* Re: Linux 2.6.24-rc6
[not found] ` <20071221030152.GC8535@fattire.cabal.ca>
@ 2007-12-21 3:49 ` Linus Torvalds
2007-12-21 3:50 ` Kyle McMartin
2007-12-21 4:22 ` Linus Torvalds
0 siblings, 2 replies; 9+ messages in thread
From: Linus Torvalds @ 2007-12-21 3:49 UTC (permalink / raw)
To: Kyle McMartin, Junio C Hamano, Git Mailing List; +Cc: Linux Kernel Mailing List
On Thu, 20 Dec 2007, Kyle McMartin wrote:
>
> I think I see the problem, it's lack of context in the diff,
No, the problem is that "git diff" is apparently broken by a recent
optimization.
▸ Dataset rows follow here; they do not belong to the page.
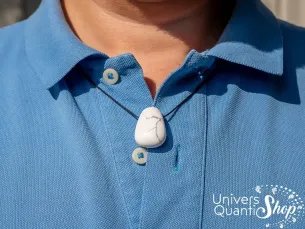 Pendentif pierre howlite blanche naturelle percée porter sur un homme
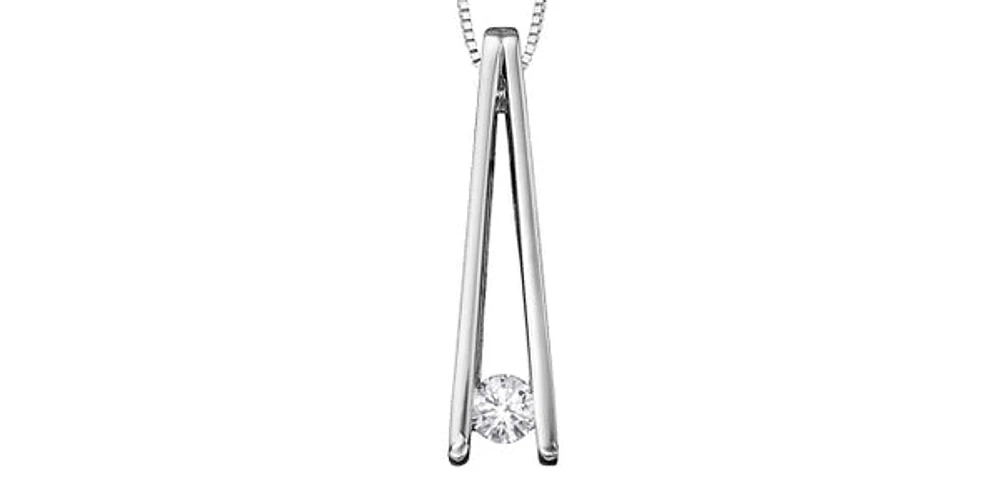 10K White Gold 0.086cttw Canadian Diamond Necklace, 18"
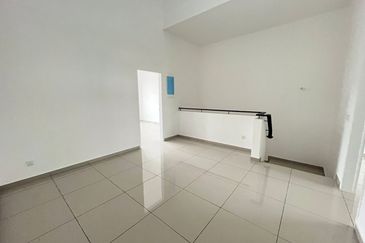 Tate Dalton @ Eco Botanic 2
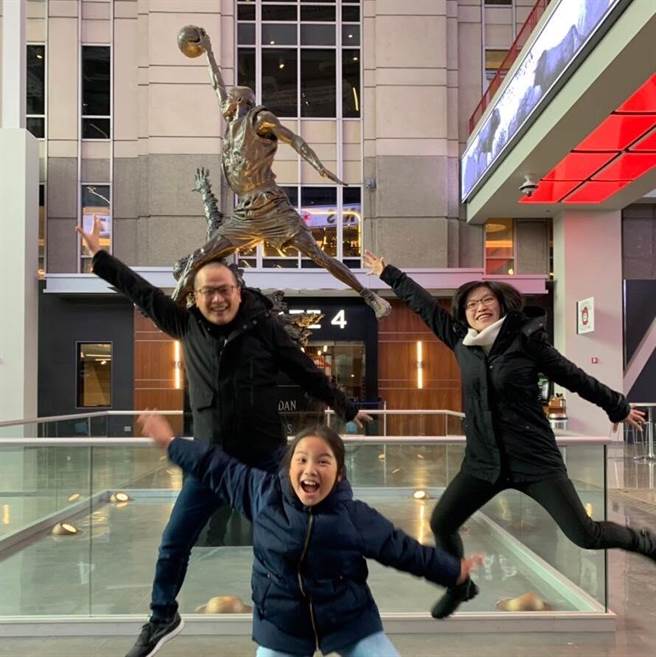 罗智强经常在脸书分享与家人的互动。图为罗智强与老婆、女儿。（图／摘自罗智强脸书）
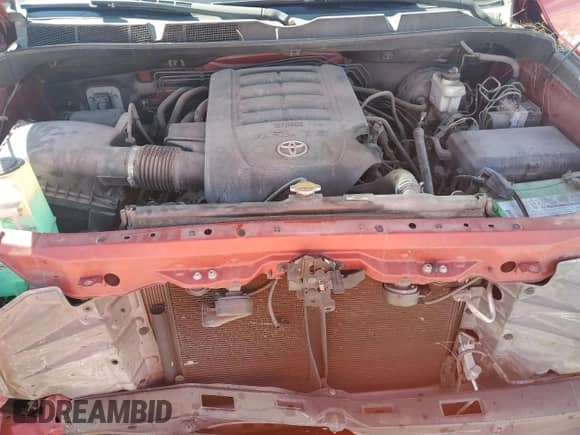 2017 Toyota Tundra SR z VIN 5TFRM5F11HX112088, wystawiony jako Copart lot #87016465 z przebiegiem 99 094 mil mil oraz Szkoda całkowita • Salvage title. Historia ofert i sprzedaży dostępna na DreamBid. Obrazek 11.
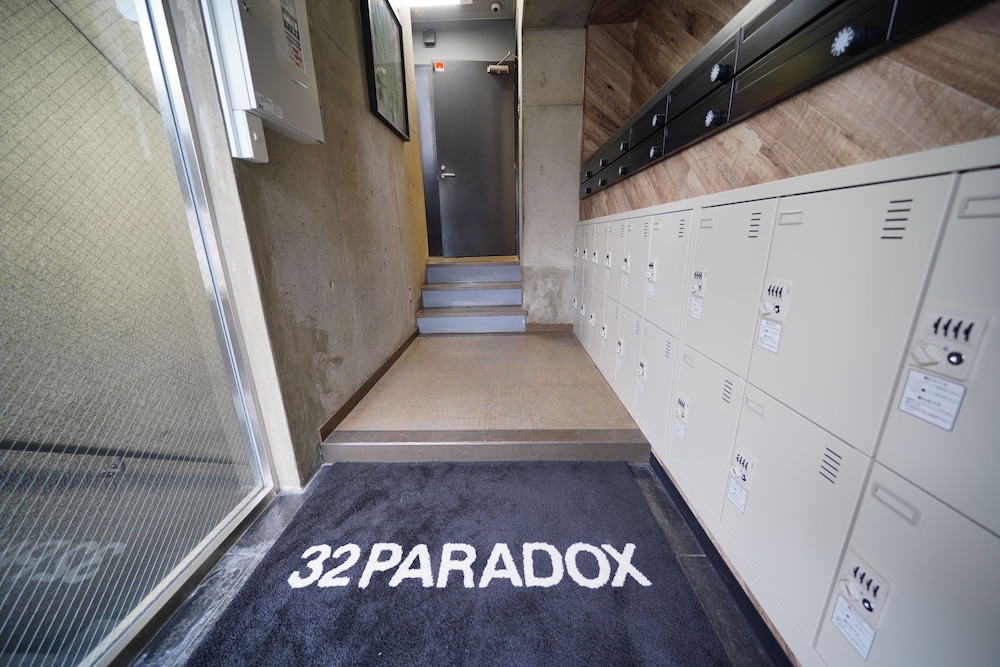 32 PARADOX 大阪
The diff is simply broken.
The tar-ball and the git archive itself is fine, but yes, the diff from
2.6.23 to 2.6.24-rc6 is bad. It's the "trim_common_tail()" optimization
that has caused way too much pain.
Sorry about that, I'll fix it up asap.
Linus
^ permalink raw reply [flat|nested] 9+ messages in thread
* Re: Linux 2.6.24-rc6
2007-12-21 3:49 ` Linux 2.6.24-rc6 Linus Torvalds
@ 2007-12-21 3:50 ` Kyle McMartin
2007-12-21 4:22 ` Linus Torvalds
1 sibling, 0 replies; 9+ messages in thread
From: Kyle McMartin @ 2007-12-21 3:50 UTC (permalink / raw)
To: Linus Torvalds
Cc: Junio C Hamano, Git Mailing List, Linux Kernel Mailing List
On Thu, Dec 20, 2007 at 07:49:05PM -0800, Linus Torvalds wrote:
>
>
> On Thu, 20 Dec 2007, Kyle McMartin wrote:
> >
> > I think I see the problem, it's lack of context in the diff,
>
> No, the problem is that "git diff" is apparently broken by a recent
> optimization. The diff is simply broken.
>
> The tar-ball and the git archive itself is fine, but yes, the diff from
> 2.6.23 to 2.6.24-rc6 is bad. It's the "trim_common_tail()" optimization
> that has caused way too much pain.
>
> Sorry about that, I'll fix it up asap.
>
no biggie, thanks!
cheers, Kyle
^ permalink raw reply [flat|nested] 9+ messages in thread
* Re: Linux 2.6.24-rc6
2007-12-21 3:49 ` Linux 2.6.24-rc6 Linus Torvalds
2007-12-21 3:50 ` Kyle McMartin
@ 2007-12-21 4:22 ` Linus Torvalds
2007-12-21 4:40 ` Linus Torvalds
2007-12-21 4:58 ` Linus Torvalds
1 sibling, 2 replies; 9+ messages in thread
From: Linus Torvalds @ 2007-12-21 4:22 UTC (permalink / raw)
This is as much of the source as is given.